Kartoffelsalat mit Meerrettich

Quelle: Essen & Trinken 7/2015
Dieser Salat schmeckt herrlich erfrischend und ist eine wunderbare Beilage zu Gegrilltem, wir hatten ihn zum Noir de Bigorre (klick hier).



Für alle Fans von Meerrettich ein Muss - für alle Kartoffelsalat-Fans sowieso. Seit ich diese köstliche Meerrettich-Creme bei Micha entdeckt habe, darf sie in meinem Kühlschrank nicht mehr fehlen. Vor allem hält sie sich sehr lange (trotz Crème fraîche!) und passt zu vielem. Auch an eine Vinaigrette für Blattsalate gebe ich gerne einen Teelöffel davon.

ich nehme (für 8 Portionen):

1 Kopfsalat (ca. 300 g), in mundgerechte Stücke zerzupft
1 Bund Radieschen (ca. 400 g), in Scheiben geschnitten
1 kg kleine festkochende Kartoffeln
Salz
150 g Schmand
30 g Meerrettich (moi: Meerrettichcreme von Micha)
250 ml Milch
Zucker
2 - 3 EL Zitronensaft
5 Stiele Dill
1 Beet Kresse

und los gehts:

Die Kartoffeln kochen und leicht abkühlen lassen.

Für das Dressing Schmand, Meerrettich, Milch, Salz, Pfeffer, 1 TL Zucker und Zitronensaft verrühren. Die Kartoffeln pellen und in dünnen Scheiben direkt in das Dressing schneiden.

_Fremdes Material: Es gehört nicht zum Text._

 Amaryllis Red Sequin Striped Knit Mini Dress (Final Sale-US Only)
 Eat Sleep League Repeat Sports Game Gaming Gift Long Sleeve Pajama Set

Kurz vor dem Servieren Radieschen in Scheiben schneiden, Salat zerpflücken. Dillspitzen von den Stielen zupfen und grob schneiden. Kresse vom Beet schneiden. Alles in einer Schüssel mischen bzw. die Kartoffeln auf dem Salatbett anrichten.

Und dann zum Schweinenacken (klick hier) servieren.

Freitag, 31. Juli 2015

saarländisch gegrillter Schweinenacken

In der Ausgabe 7/2015 habe ich das Rezept für einen im Ganzen gegrillten Schweinenacken entdeckt.



Das Fleisch wird mit einer wunderbaren Gewürzmischung eingerieben, die ich sicherlich noch öfter für Schweinenacken verwenden werde. Sie hat sich dem aromatischen Fleischgeschmack angepasst, ohne diesen zu übertönen - einfach perfekt. Wir hatten ein Stück vom Noir de Bigorre, auch das schwarze Schwein genannt. Die Tiere dürfen in Frankreichs Südwesten im Gebiet der Gascogne ganzjährig draussen herumlaufen und werden überwiegend von Getreide, aber auch Eicheln, Kastanien und Oliven ernährt.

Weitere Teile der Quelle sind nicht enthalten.